*** Begin section ***

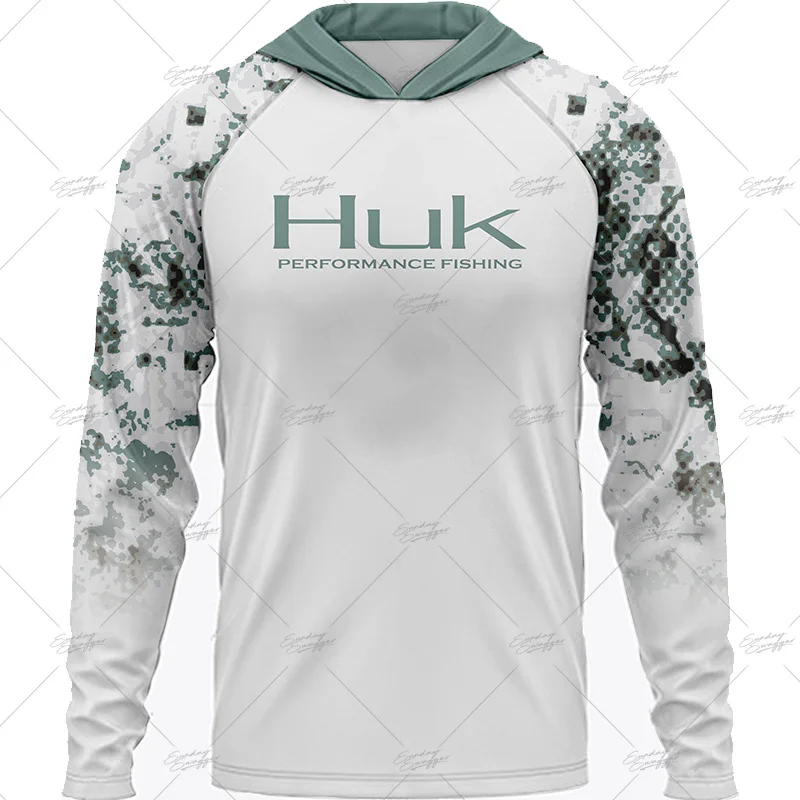 

Fishing Long Sleeve T-shirt Clothing HUK UPF 50 Hood Sun Protection Uv Breathable Angling Jacket Men Fishing Wear ShirtsTop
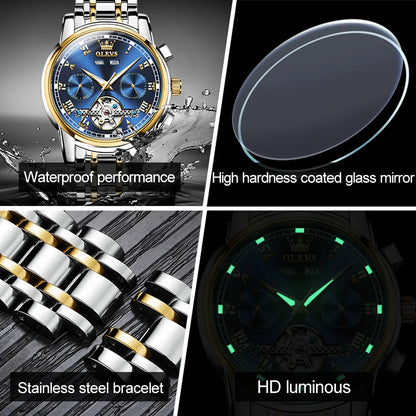 OLEVS Men's Automatic Mechanical Watch – Waterproof Stainless Steel Business Wristwatch with Skeleton Calendar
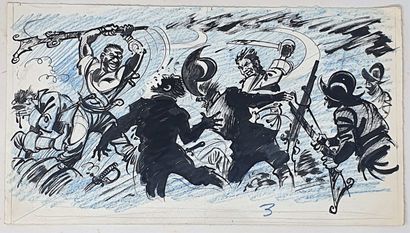 null PELLOS René (1900-1998)

Scène de combat au sabre.

Illustration pour "Le Journal...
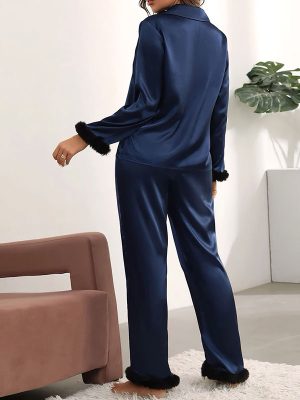 "Nighttime Reverie" Women's Navy Blue Satin Pajamas
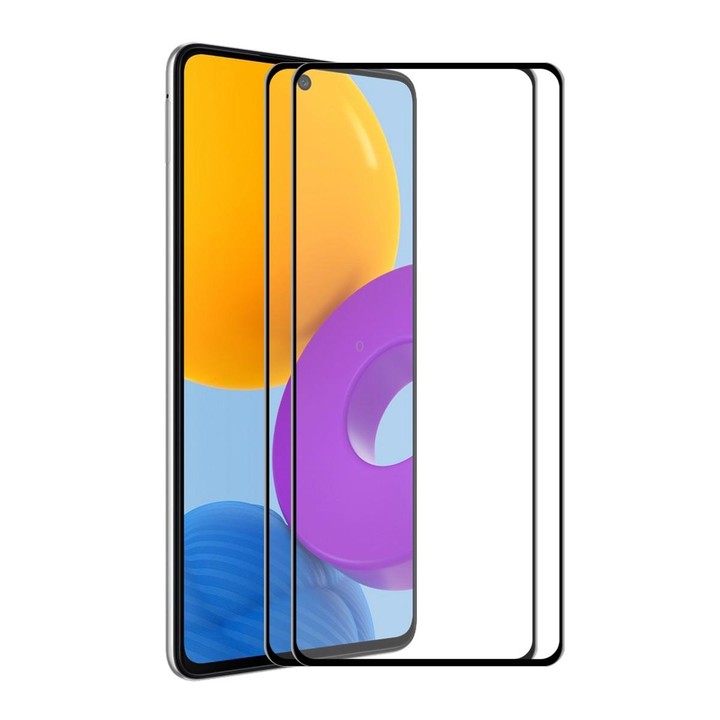 For Samsung Galaxy M52 5G 2 PCS ENKAY Hat-Prince Full Glue Tempered Glass 6D Full Coverage Anti-scratch Protector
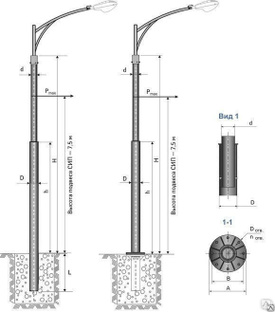 Опора круглая силовая ОКС-0,3-9,0 (L) установка в грунт 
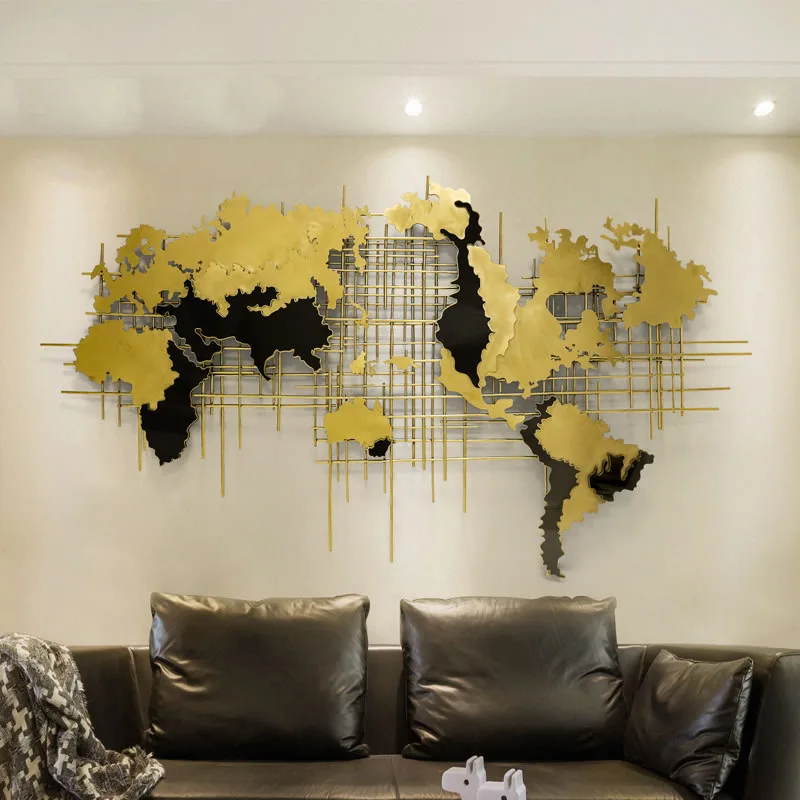 

Chinese 3d Wall Decor Wall Mount Home Decor Wrought Iron Hotel Metal World Map Products Living Room Creative Pendant, As photo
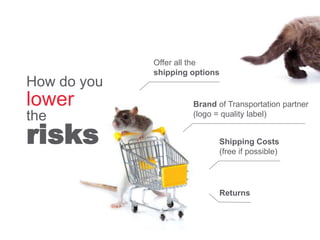How do you
lower
the
risks
Offer all the
shipping options
Brand of Transportation partner
(logo = quality label)
Shipping Costs
(free if possible)
Returns
 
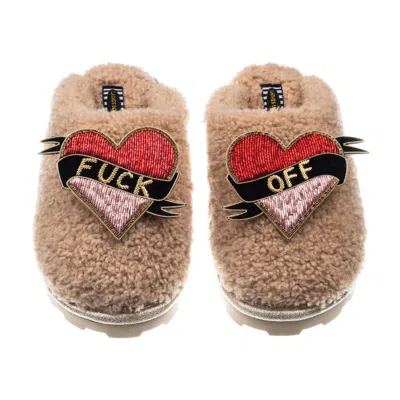 Laines London Women's Brown Teddy Closed Toe Slippers With Fuck Off Brooches - Toffee
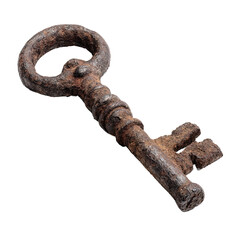 Antique iron key, rusty and worn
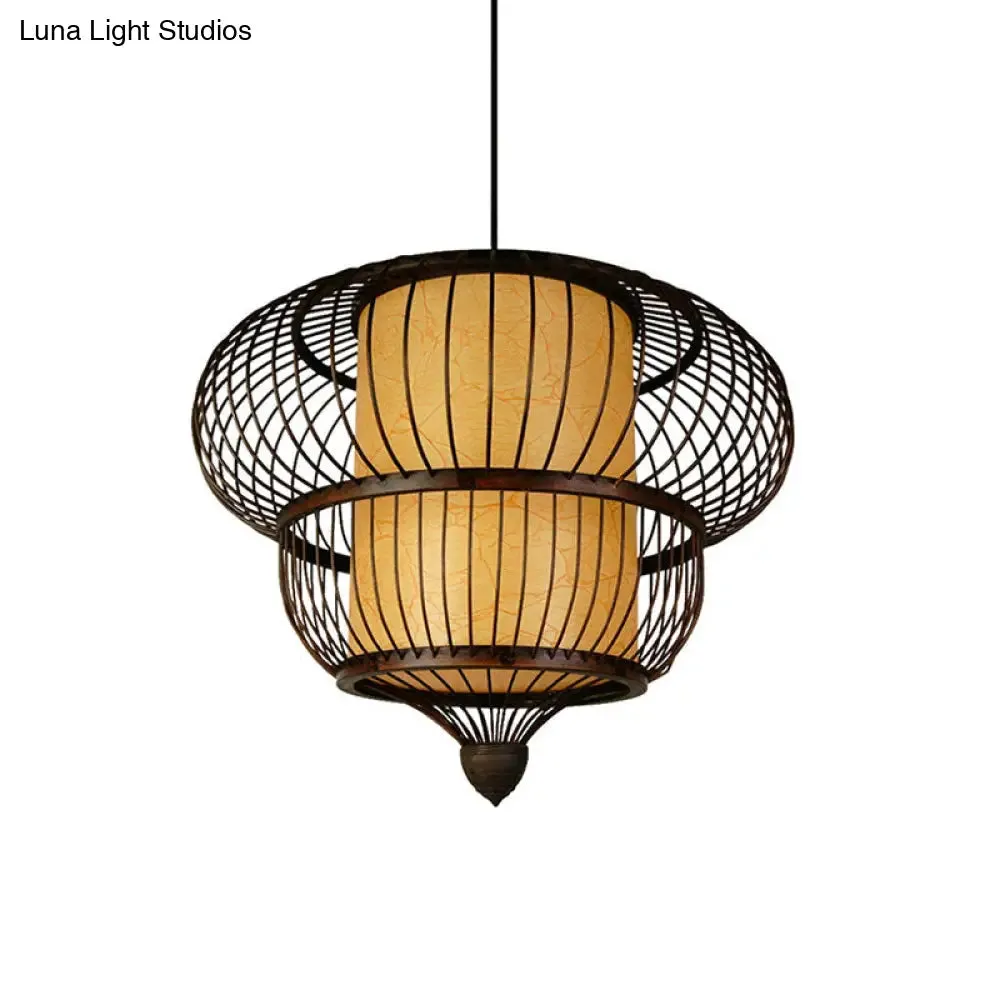 Sleek Gourd-Shaped Bamboo Suspension Light: Single Black Pendant Fixture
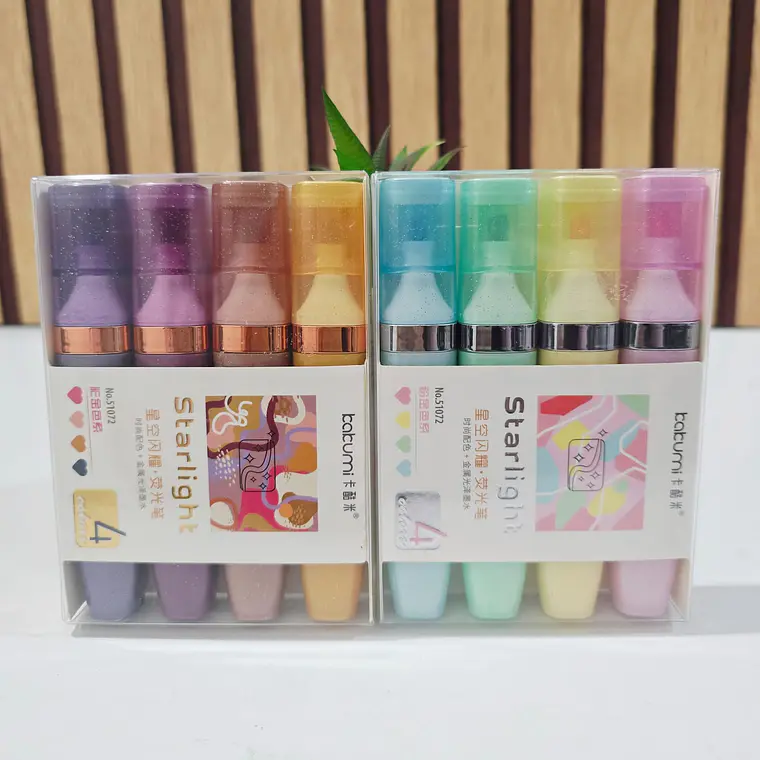 CAJITA CON 4 MARCATEXTOS GLITTER DOBLE PUNTA MOD# 51072 1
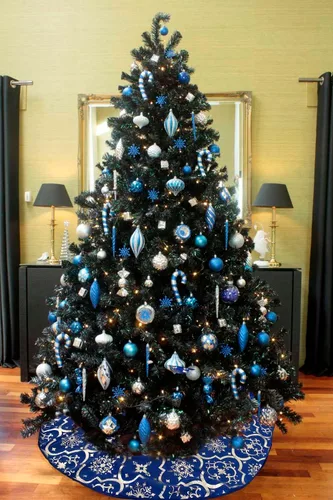 Vista 6 de Falda de árbol de Navidad, tapete grande de franela roja de 48 pulgadas con patrones dorados de Navidad para árbol de Navidad, decoración de fiesta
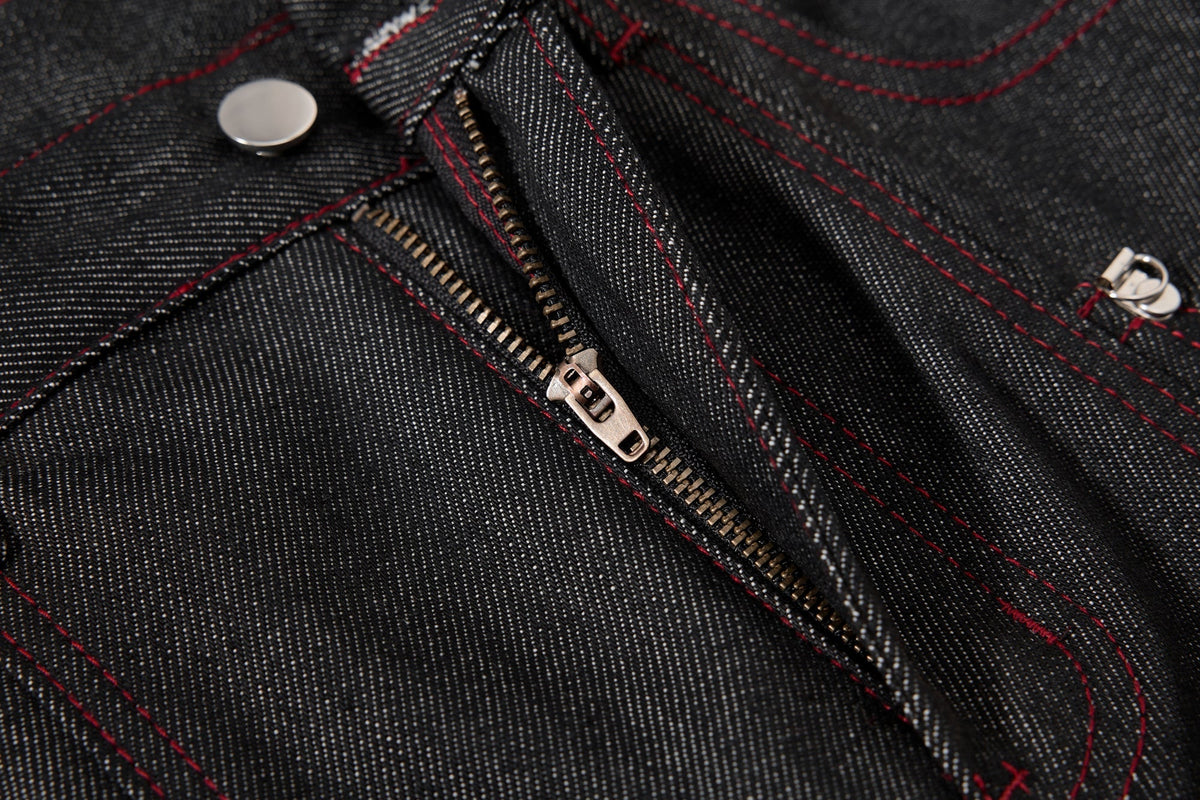 Pantalon en jean à poches multiples surpiqué Madxmarx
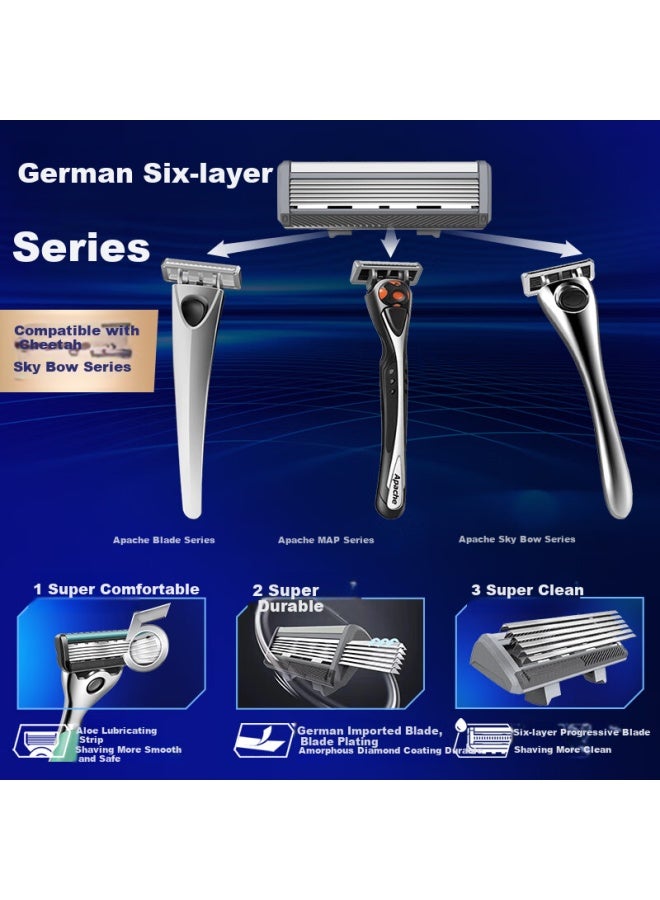Apache 6-layer Blade Manual Razor Blades, German Imported Six-layer Blade Heads, Compatible With Tianqiu And Liebao Handles/blade Heads, 4-pack Without Handles - Image 1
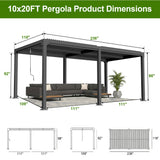 Patioslife Atlantic | Metal Louvered Pergola with Adjustable Roof, Freestanding All-Weather Shelter for Deck, Patio & Poolside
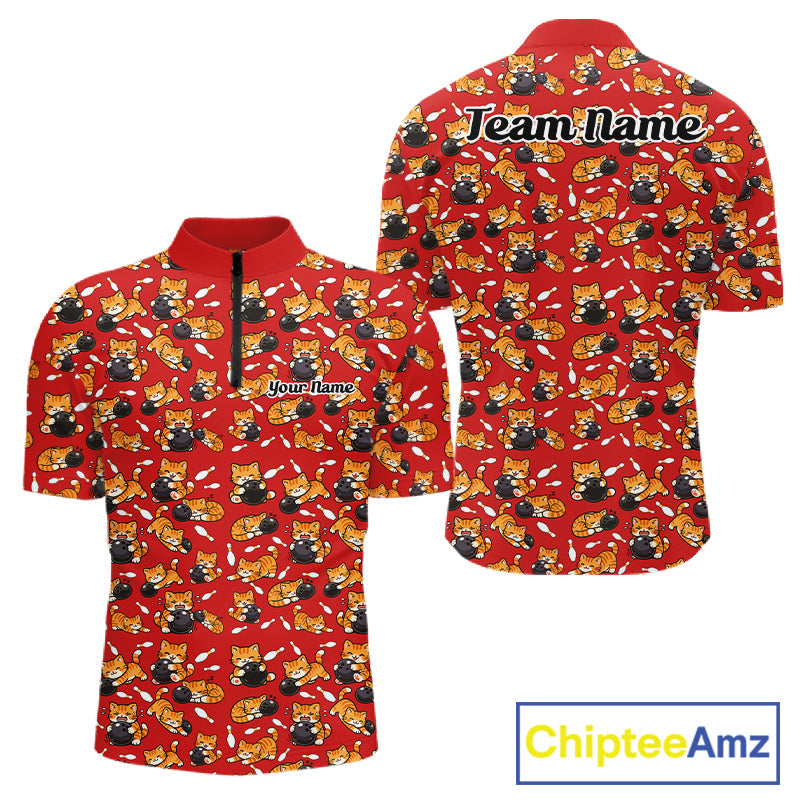 Custom Cute Ginger Tabby Cat Bowling Men Quarter-Zip Shirts, Cat Bowling Team Shirt IPHW10305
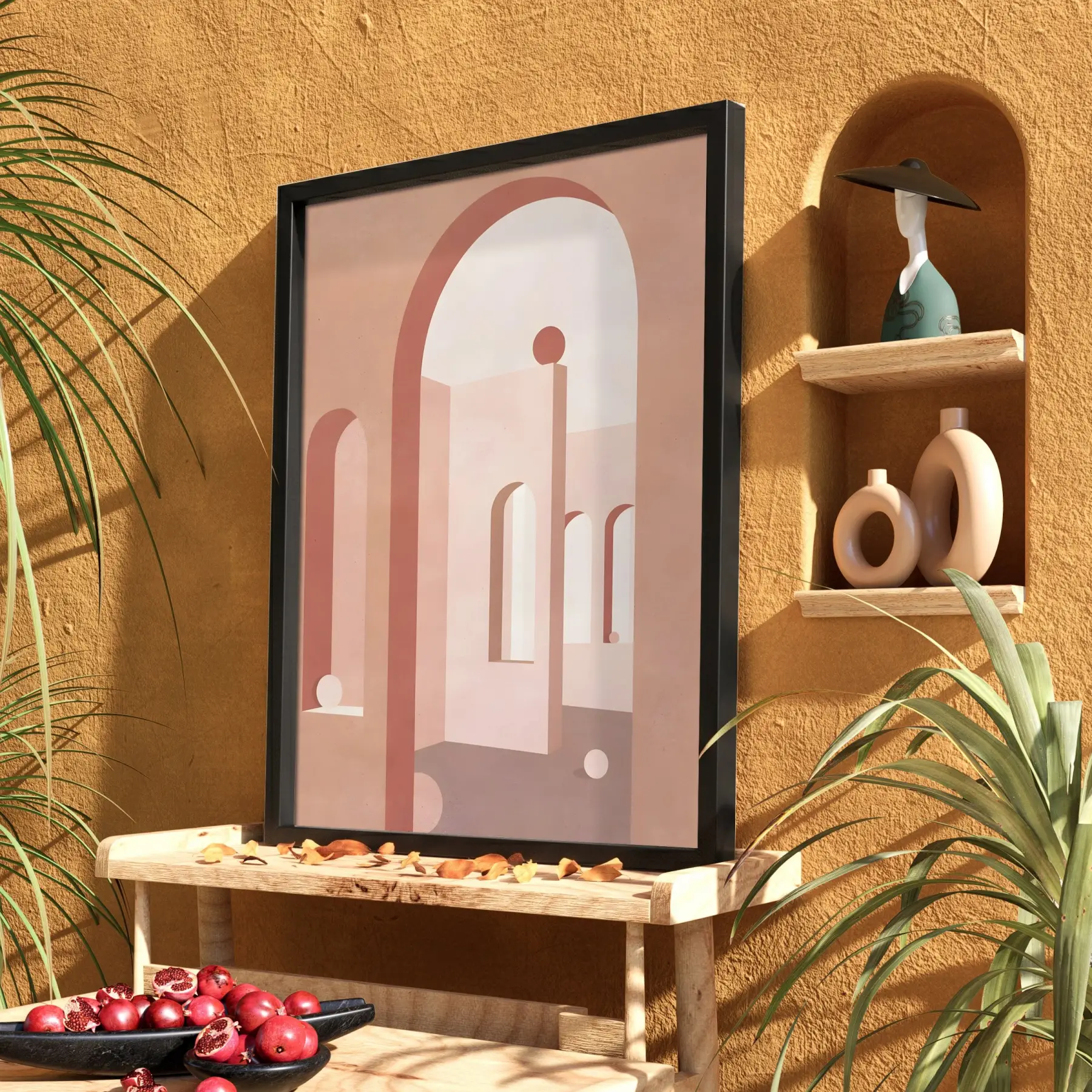 Pastel Kemerli Minimalizm Siyah Ahşap Çerçeveli Tablo Ev Aksesuarları Modern Sanat İç Mekan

*** End section ***

§ **PROMPT**
Each line from the one containing "Custom Cute Ginger" through the last line of the entries above is to be extracted exactly. Pictures are not part of the copy.

§ **ANSWER TO THE PROBLEM**
 Custom Cute Ginger Tabby Cat Bowling Men Quarter-Zip Shirts, Cat Bowling Team Shirt IPHW10305
 Pastel Kemerli Minimalizm Siyah Ahşap Çerçeveli Tablo Ev Aksesuarları Modern Sanat İç Mekan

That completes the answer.